Construire ses propres flux logistiques

Medlog, une filiale de MSC, est un prestataire mondial de services de transport terrestre et de logistique. Avec une présence dans 70 pays, Medlog transporte plus de 4,4 millions d’Équivalents Vingt Pieds (EVP) par an. Appartenant entièrement à la famille Aponte, Medlog emploie plus de 70 000 personnes à travers le monde.

La première manifestation ‘terrestre’ de MSC, en dehors d’avoir ses propres terminaux portuaires, fut de créer MSC Rail en décembre 2012, avec siège social à Lisbonne. La présence au Portugal d’un gouvernement conservateur permit ensuite à MSC de racheter le fret ferroviaire portugais – l’ancien CP Carga -, en janvier 2016. Une initiative qui ne fut pas remise en cause par le gouvernement progressiste suivant « car CP Carga accumulait des pertes importantes ».

C’est à cette occasion qu’est créé Medway, en novembre 2016, une filiale à 100% de MSC, et qui utilise notamment le rail pour gérer ses propres flux logistiques, mais également le camionnage et l’aérien. Le siège social est alors à Lisbonne.

Le groupe déborda rapidement sur son voisin espagnol en créant Medway Iberia, puis Medway Italia ainsi que plus récemment Medway Belgium. MSC occupe en effet un terminal à lui seul dans le port d’Anvers et les boîtes jaunes sont coutumières dans les circulations du fret ferroviaire belge.
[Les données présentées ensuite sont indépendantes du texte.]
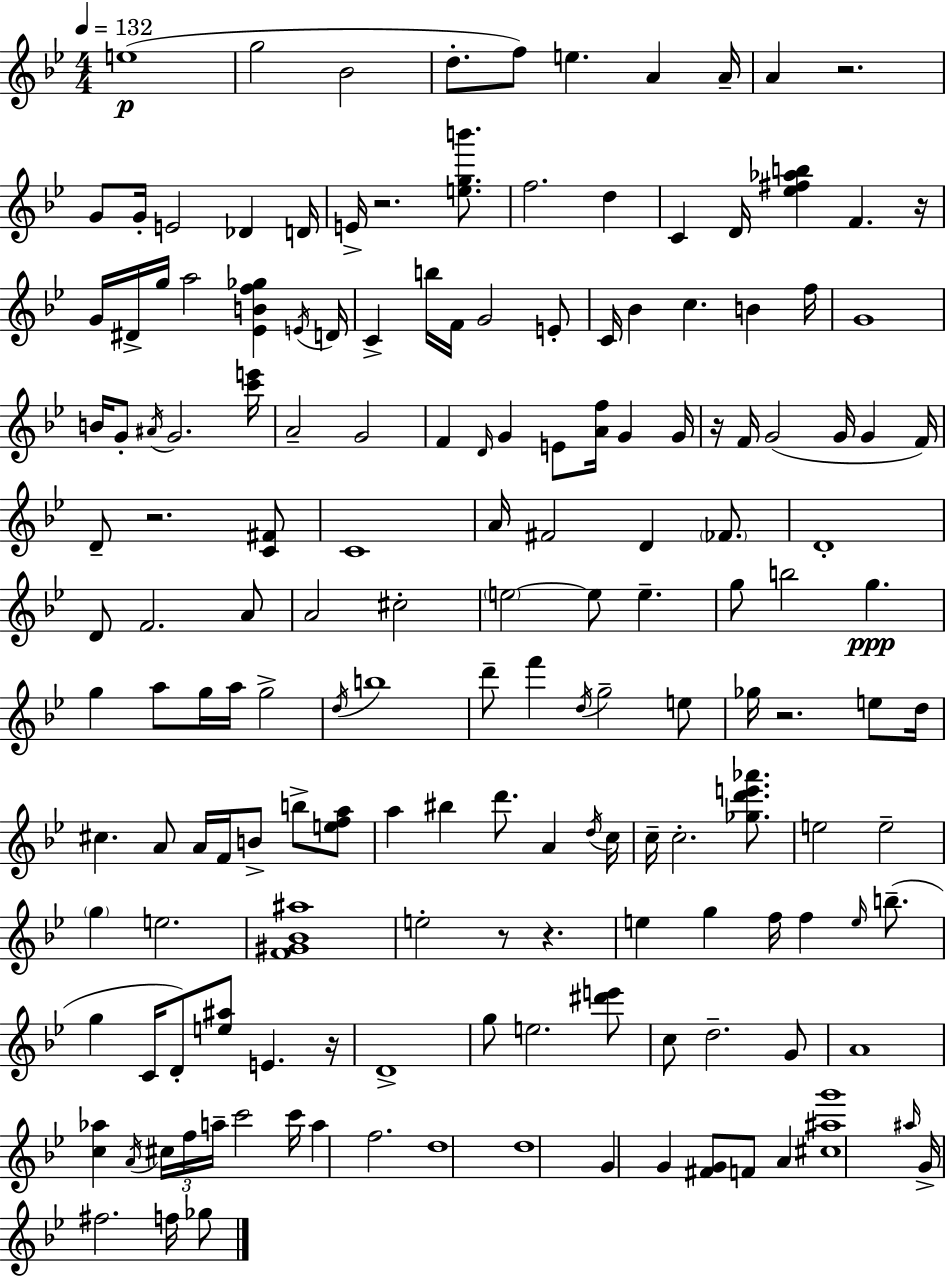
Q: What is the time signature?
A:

Portugal, Espagne, Italie et Belgique, il manquait la France pour faire le lien. En mars 2023, le directeur général de Medway, M. Bruno Silva, déclarait aux médias portugais l’intention de commencer ses opérations en France en 2025, en investissant 45 millions d’euros dans 8 locomotives et 350 wagons intermodaux.

Ports secs et terminaux

C’est d’abord au Portugal que MSC débuta avec ses ports secs : à Entroncamento puis à Aveiro. En avril 2023, Medway reprenait la gestion de trois terminaux espagnols en Estrémadure : à Badajoz, Mérida et Navalmoral.

En juillet 2023, Medway recevait enfin le feu vert pour la construction au Portugal d’un terminal de 22 hectares à Famalicão (Lousado). Cet investissement de 63 millions d’euros permettrait d’édifier le plus grand port sec, dit-on, de la péninsule ibérique. En plus d’être connecté à la ligne Minho, le complexe disposerait de quatre lignes ferroviaires de 750 mètres et une capacité de 10.000 EVP.

Mais il y aussi tout une série de partenariats, que nous décortiquons plus bas.

Avoir sa propre filiale ferroviaire

La filiale Medway, créée on l’a vu en 2016 des suites de MSC Rail, est dorénavant classé ‘opérateur ferroviaire’ en Belgique, aux Pays-Bas, en Allemagne, en Autriche, Portugal, Espagne et Italie et possède du matériel roulant, exploité par des partenaires, en Turquie et en Inde.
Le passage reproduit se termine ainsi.